What you have to do >>
For the entries that follow, produce an exact copy with no pictures in it.

::: Records shown :::

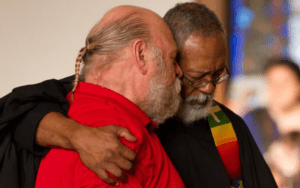 Two men hugging each other in a church.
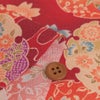 ポリちりめん生地 花雪輪に桜(赤) 10cm単位 切り売り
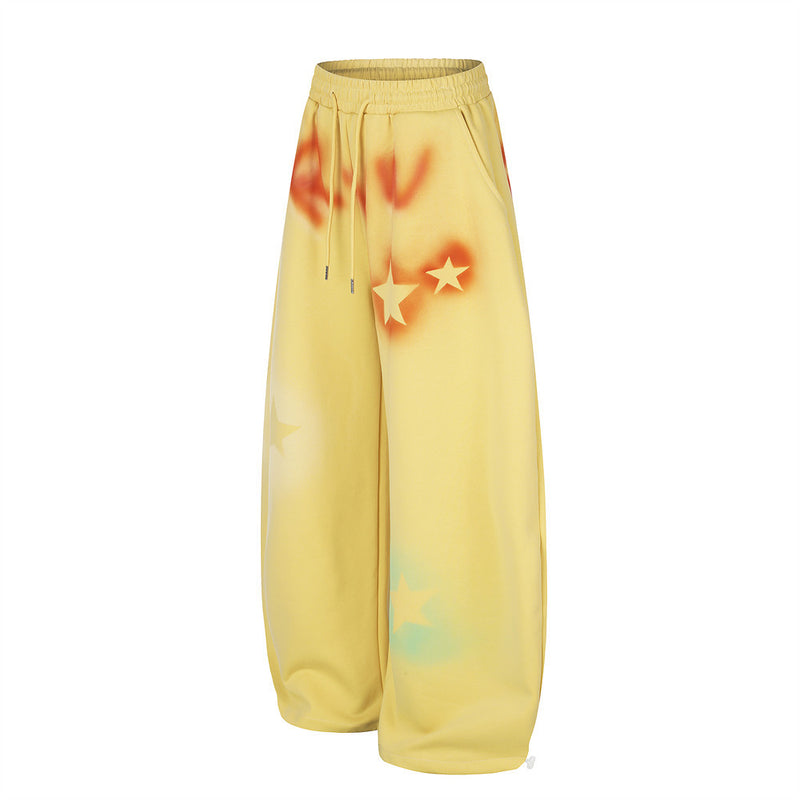 Yellow wide leg sweatpants with star graffiti spray-dye shown angled front view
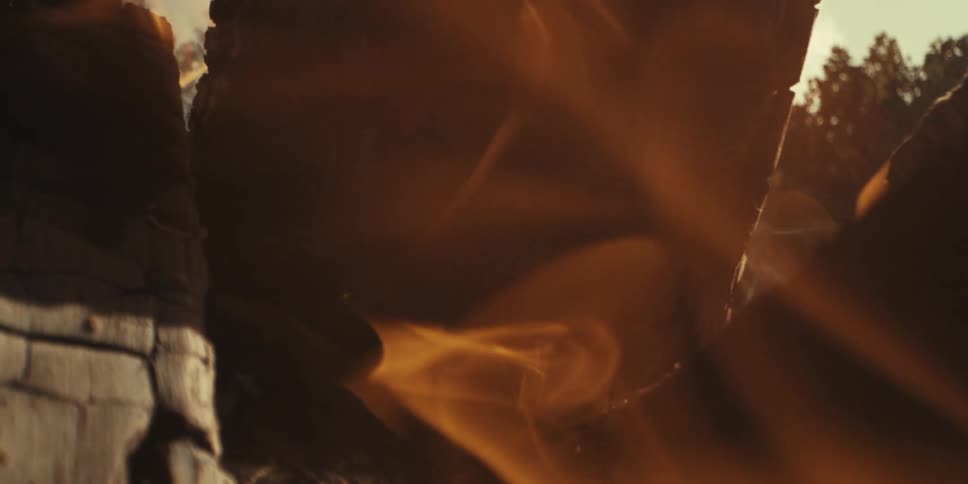 Extreme closeup of firewood on fire with embers expelling in slow motion and day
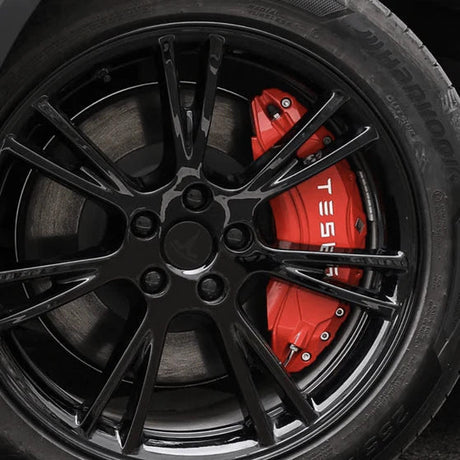 Rode remklauwhoezen met wit Tesla-logo op een zwarte velg.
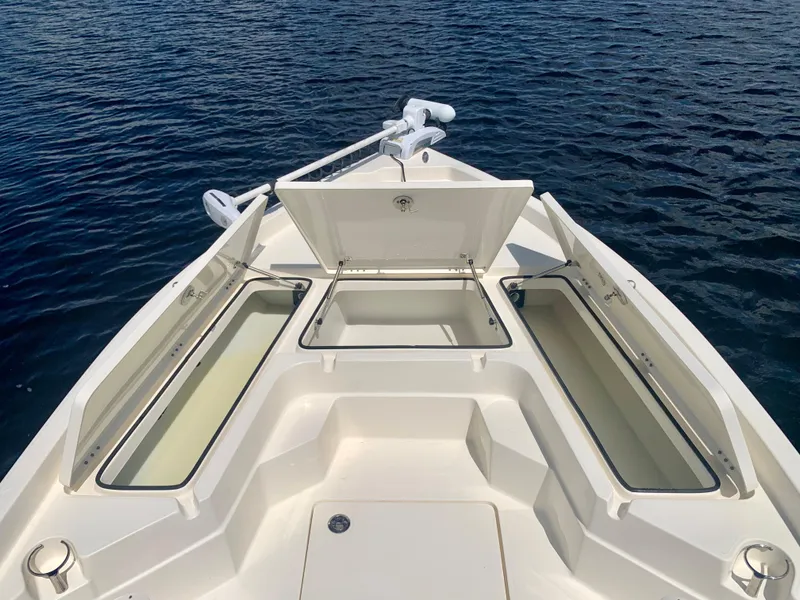 Slide: The Image of 2016 Skeeter SX230 boat with open storage compartments on the water. - 22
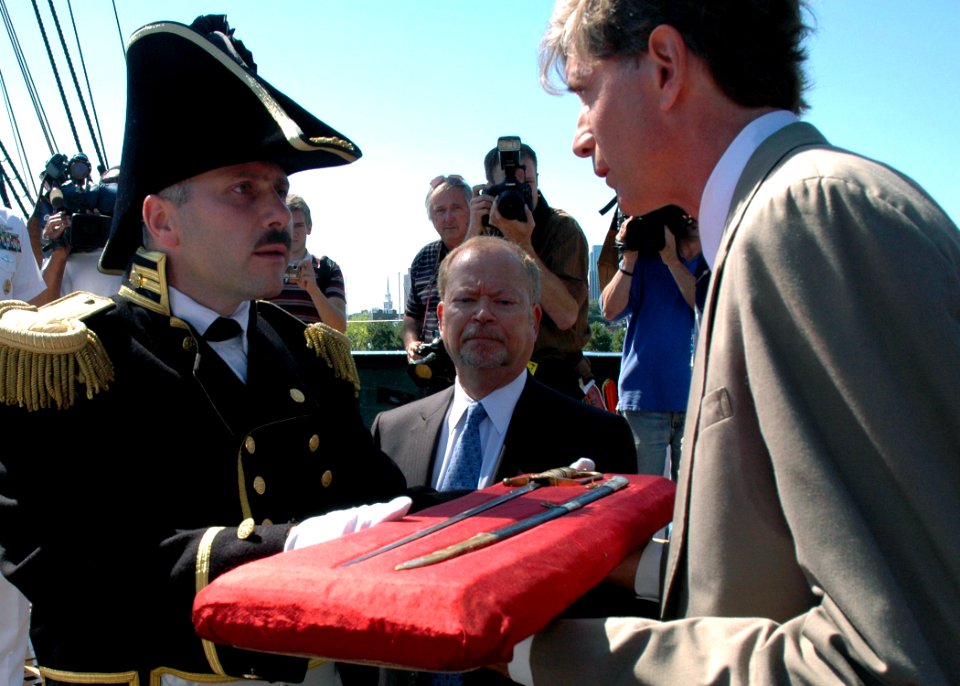US Navy 070814-N-2893B-001 Hull Fulweiler, a descendent of Capt. Isaac Hull, USS Constitution's first fighting commanding officer, presents Cmdr. William A. Bullard III, commanding officer of USS Constitution, with the sw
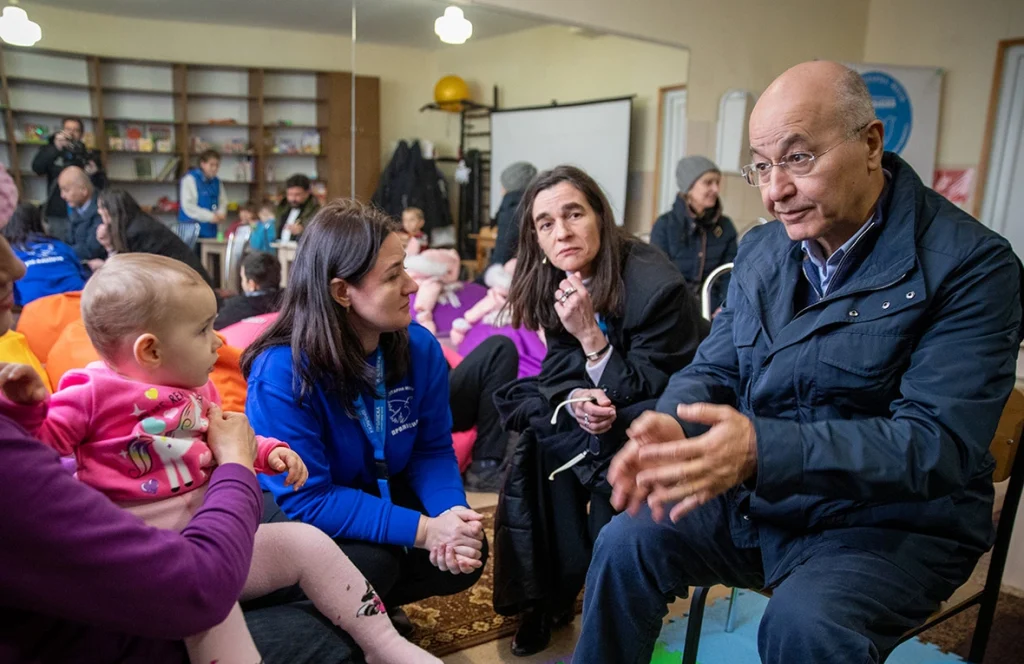 El Alto Comisionado de la ONU para los Refugiados, Barham Salih (a la derecha), habla con Nina (a la izquierda) en un centro de tránsito en Zaporizhzhia, al sureste de Ucrania, después de que ella fuera evacuada de su casa dañada por las bombas junto con su hija y sus tres nietos. © ACNUR/Nikola Ivanovski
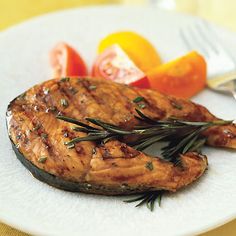 grilled salmon with rosemary garnish on a white plate next to tomatoes and oranges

:::

Result >>
 Two men hugging each other in a church.
 ポリちりめん生地 花雪輪に桜(赤) 10cm単位 切り売り
 Yellow wide leg sweatpants with star graffiti spray-dye shown angled front view
 Extreme closeup of firewood on fire with embers expelling in slow motion and day
 Rode remklauwhoezen met wit Tesla-logo op een zwarte velg.
 Slide: The Image of 2016 Skeeter SX230 boat with open storage compartments on the water. - 22
US Navy 070814-N-2893B-001 Hull Fulweiler, a descendent of Capt. Isaac Hull, USS Constitution's first fighting commanding officer, presents Cmdr. William A. Bullard III, commanding officer of USS Constitution, with the sw
 El Alto Comisionado de la ONU para los Refugiados, Barham Salih (a la derecha), habla con Nina (a la izquierda) en un centro de tránsito en Zaporizhzhia, al sureste de Ucrania, después de que ella fuera evacuada de su casa dañada por las bombas junto con su hija y sus tres nietos. © ACNUR/Nikola Ivanovski
 grilled salmon with rosemary garnish on a white plate next to tomatoes and oranges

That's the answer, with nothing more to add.